He feels like an asshole because while he didn't go see Josh today, Donna has obviously spent Christmas morning with him, and will spend the night with him, and what kind of best friend is he if he isn't ever going to be any part of rescuing Josh? That's what he does. He's good at rescuing people, from circumstance, from themselves, from cruelties of fate. He's slipping, though, and it had to be Donna in the end who caught it, who listened, who stretched out a hand at the last second and caught hold of Josh as he fell.

He feels like an asshole because this woman is helping Josh reassemble the scattered pieces of himself, and all he can feel is a petty jealousy that he's left on the outside of that.

Then Donna passes him a shot-glass filled with schnapps, and he looks up and into her big, tired eyes. She plucks her eyebrows too thin and wears better suits nowadays, and it used to make her look polished but now she simply looks weary. "Thank you, Sam," she says in a low voice. "Thanks for thinking of me." They clink glasses and swallow the cold-burn of the liquor simultaneously, and then Donna brings him a blanket to wrap around himself against the cold. They eat a slice of cake each, and then another slice each because it's damn good cake, and they have another shot of schnapps each, but Donna still doesn't look very festive.

"Donna, you look about as merry as the Ghost of Christmas Future," he says. "I know it's hard but...Josh has turned a corner. He's admitted he needs help. I know it'll be a hard road, but things are going to get better now." He reaches out and lays a hand over one of her gloved ones, wincing at his own therapy-speak cliches.

"I know," she says, her hand perfectly still beneath his. "I just feel so awful, Sam. I've been so angry at him. I've wanted to hurt him for things he's said lately. And all the time he was eating himself up inside trying to keep a handle on how much he was hurting..."

"He said things to you that hurt you?" Sam asks. He knows that Josh's joking around can occasionally slip into accidental cruelty, usually when Josh lets his mouth run on ahead of his brain too much. He knows that Josh has upset Donna before. He didn't know that Josh had ever been truly mean to her, though.

"When you were in Portland with the President...he said I had no self-worth. And then he told me I looked incredible like that made it okay. Like it was okay for me to just be some dressed-up, silly little girl ruled by the mating urge." Donna speaks in a flat, empty voice, although tears make her eyes shine. Sam has no idea what she's talking about.

"He said you had no self-worth because...?" He strokes Donna's hand gently, slowly, the red wool glove warm and scratchy beneath his cold fingertips.

"Because I had a date with some guy - some loser guy, actually, but that's not the point - because I just wanted to go out and have drinks and dinner and feel like a fun, happening single girl for once."

"You're very happening," Sam assures her, and gets a tiny, weak smile.
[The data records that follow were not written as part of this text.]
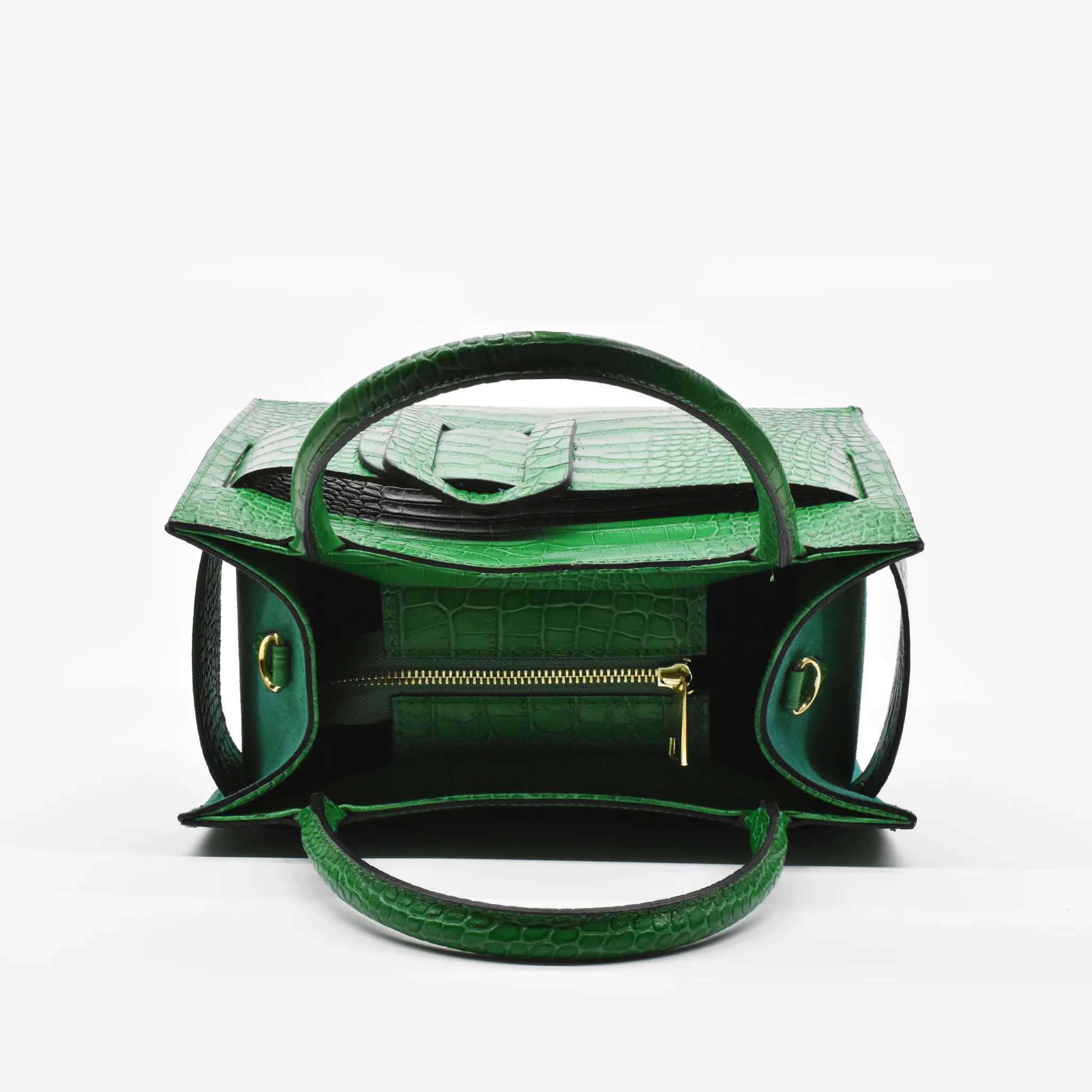 Borsa belt in pelle - verde - Image 6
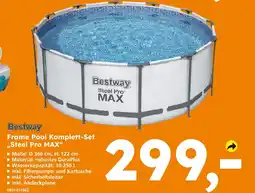 Globus Baumarkt Bestway frame pool komplett-set steel pro max Angebot
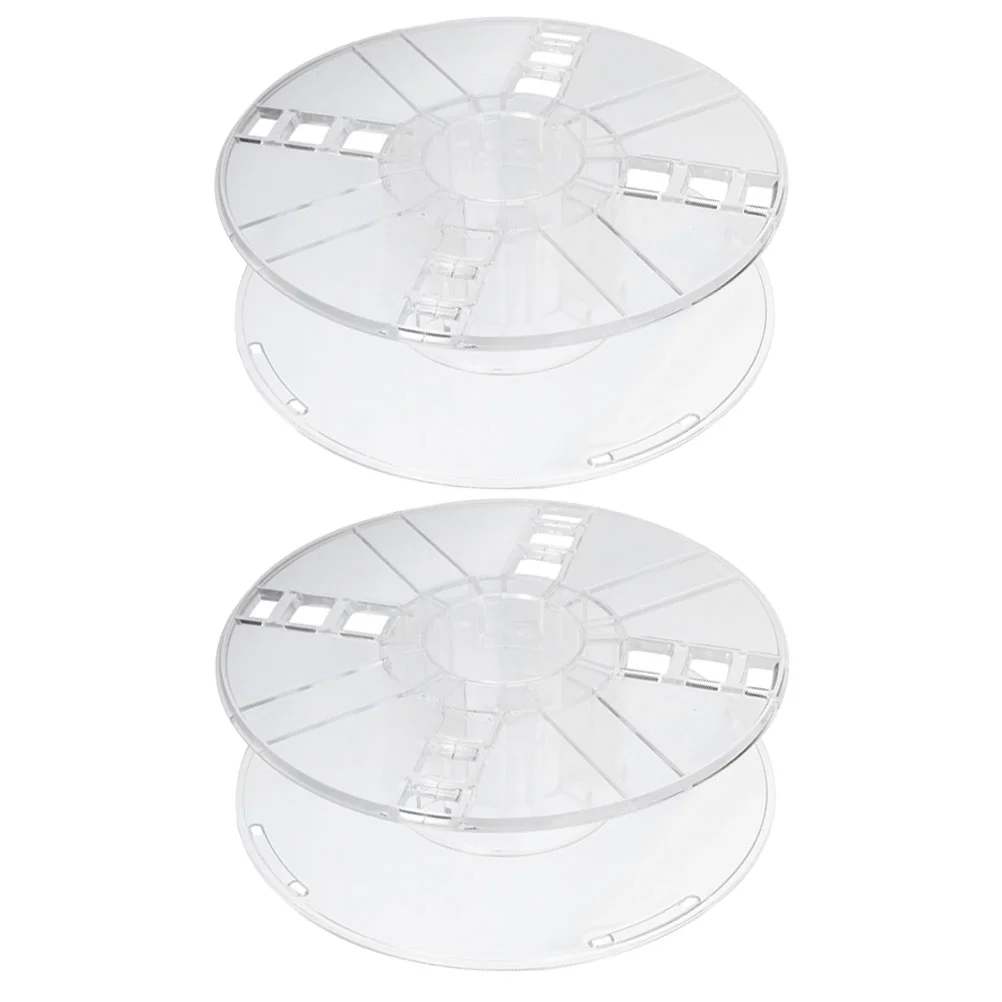 2pcs 3D Printer Spools 1KG Spool Hollow Bobbin Transparent Reel 3D Printer Parts 3d printer bobbin 3d printer reel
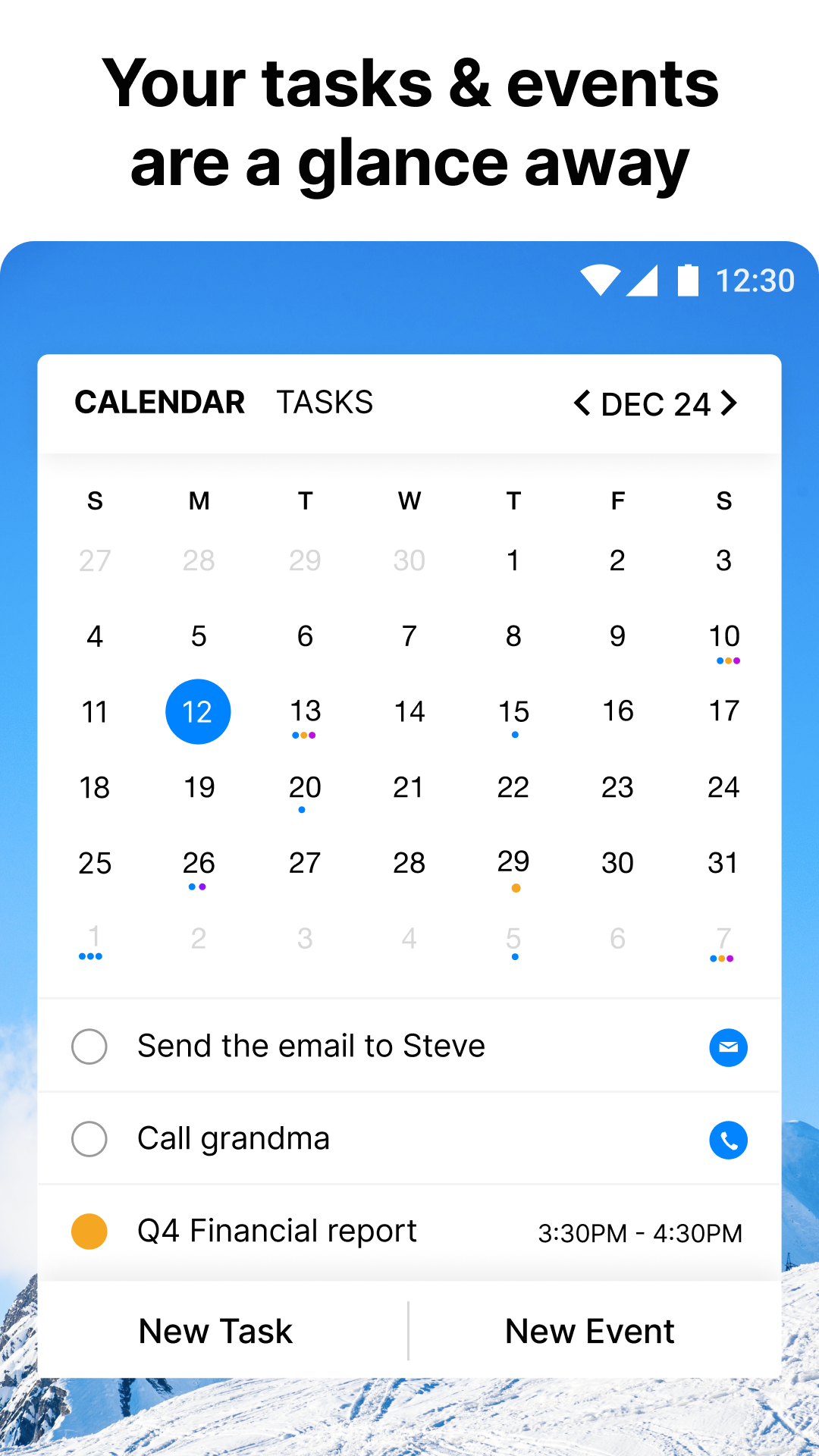 اسکرین شات 4 برنامه Any.do - To do list & Calendar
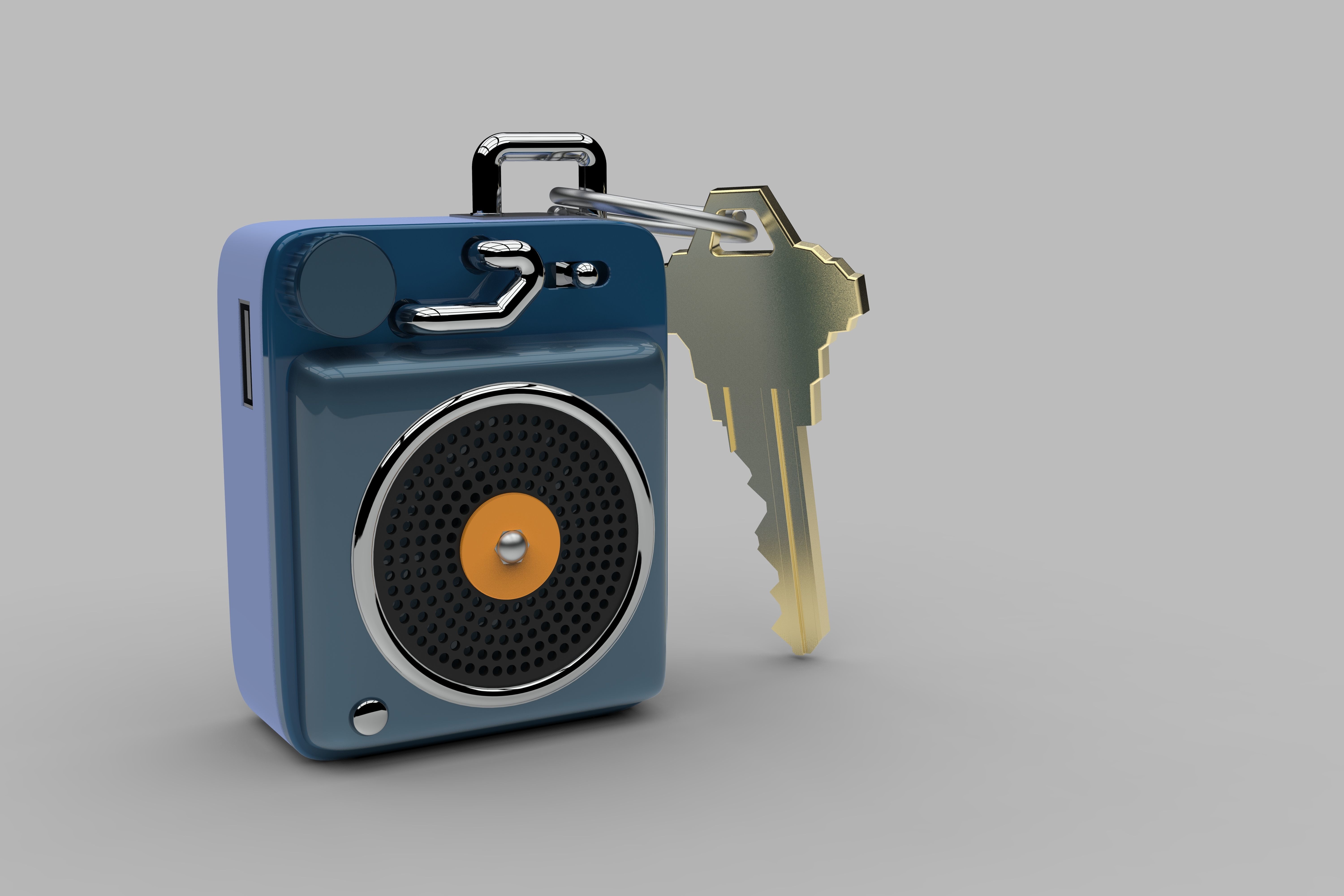 keychain speaker 3D model CGTrader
The choirboys on the stereo launch into 'God Rest Ye Merry, Gentlemen'. "Donna," he says, sighing, slipping off her couch and on to the rug next to her. He kneels at her side and fumbles his way out from under the blanket to put his arms round her. "Josh gets... jealous."

"It's not an excuse," she says into his shoulder, her voice muffled.

"God rest ye merry, gentlemen, let nothing you dismay..." sing the choir, voices ringing like little bells.

"No, it's not," he says, and feels like the biggest bastard on earth. No. Jealousy's not an excuse. They are running out of excuses in this administration. They should never have needed them in the first place. He strokes her hair where it spills out from under the woolly hat, and holds her while she cries quietly for a minute or two. She loves Josh and he loves Josh and Josh is a wounded animal in the skin of an unstoppable, powerful man, and he feels in this moment more akin to Donna than ever before.

When she stops crying, he pours them both another shot of schnapps, and then they sit on the couch side by side, each in a nest of blankets, and watch 'How The Grinch Stole Christmas' with the sound turned down. The choirboys sing a carol he doesn't recognise, a plaintive little song about Mary rocking her baby and holding him close in the cold of the night, and Donna makes them both strong black coffees so that she will be sober enough to drive to Josh's and he will be sober enough to get home.

They walk down to the street together, and he sees her to her car. "You could come," she suggests, standing with a hand on the open door of her Volkswagon. "He'd be happy to see you, Sam."

He considers it for a minute, imagining a happy little sugar-frosted Christmas scene where he, Josh and Donna drink egg-nog, play parlour games, and sing carols around the old piano, but of course Josh doesn't have an old piano, Josh *does* have post-traumatic stress disorder that makes music sound like sirens and death, and they aren't characters from 'It's a Wonderful Life'.

"No, I'll just go on home. Tell him I'll come by tomorrow, though. I wanted to bring him his gift, anyway." He's bought Josh a scarf, a cashmere-wool mix brown scarf, because he still wonders if that scar on his chest tingles when it gets cold out.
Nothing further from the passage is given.